Dalam perencanaan geometrik termasuk juga perencanaan tebal perkerasan jalan, karena dimensi dari perkerasan merupakan bagian dari perencanaan geometrik sebagai suatu perencanaan jalan seutuhnya.
Bertambahnya jumlah dan kualitas kendaraan dan berkembangnya pengetahuan tentang kelakukan pengendara serta meningkatnya jumlah kecelakaan, menuntut perencanaan geometrik supaya memberikan pelayanan maksimum dengan keadaan bahaya minimum dan biaya yang wajar.
1.2 Maksud dan Tujuan
Suatu perencanaan geometrik yang lengkap tidak saja memperhatikan keamanan dan ekonomisnya biaya, tetapi juga nilai struturalnya. Kita harus lebih teliti dalam memilih lokasi perencanaan geometrik sehingga suatu jalan menjadi nyaman.

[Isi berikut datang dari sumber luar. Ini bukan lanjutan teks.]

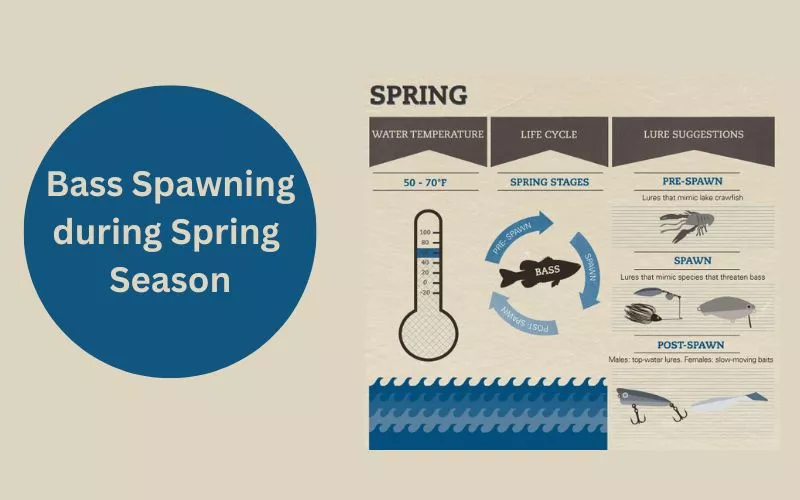 Bass Spawning Season Implications for Beginners 2023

Sebagai perencana, kita dituntut untuk menguasai teknik perencanaan geometrik dan tata cara pembuatan konstruksi jalan raya serta memahami permasalahan dan pemecahannya.
Yang dimaksud perkerasan lentur dalam perencanaan ini adalah perkerasan yang umumnya menggunakan bahan campuran beraspal sebagai lapisan permukaan serta bahan berbutir sebagai lapisan dibawahnya. Interpretasi, evaluasi dan kesimpulan-kesimpulan yang akan dikembangkan dari hasil penetapan ini, harus juga memperhitungkan penerapannya secara ekonomis sesuai dengan kondisi setempat, tingkat keperluan, kemampuan pelaksanaan dan syarat teknis lainnya, sehingga kontruksi jalan yang direncanakan itu adalah yang optimal.
Pada umumnya teknik perencanaan geometrik jalan raya dibagi atas tiga bagian penting, yaitu :
  1. alinyemen horizontal / trase jalan
  2. alinyemen vertikal / penampang memanjang jalan
  3. penampang melintang jalan
pembangunan yang baik antara alinyemen horizontal dan vertical memberikan keamanan dan kenyamanan para pemakai jalan.
1.3 Ruang lingkup
Perencanaan geometrik jalan raya
Dalam perencanaan geometrik yang kami laksanakan dalam tugas ini, pelaksanaannya adalah sebagai berikut :
  1. perencanaan trase dan penentuan medan
  2. bentuk dan panjang kurva
  3. penggambaran kurva
  4. penentuan kemiringan melintang tiap tikungan dan penggambaran elevasi, superelevasi badan jalan.
  5. menghitung jarak pandang
  6. menghitung alinyemen vertikal
  7. perhitungan volume galian dan timbunan
B A B I I
D A S A R T E O R I

2.1 Uraian Umum
2.1.1 Pengertian Jalan
Jalan raya adalah jalur- jalur tanah di atas permukaan bumi yang dibuat oleh manusia dengan bentuk, ukuran- ukuran dan jenis konstruksinya sehingga dapat digunakan untuk menyelurkan lalu lintas orang, hewan, dan kendaraan yang mengangkut barang dari suatu tempat ke tempat lainnya dengan mudah dan cepat.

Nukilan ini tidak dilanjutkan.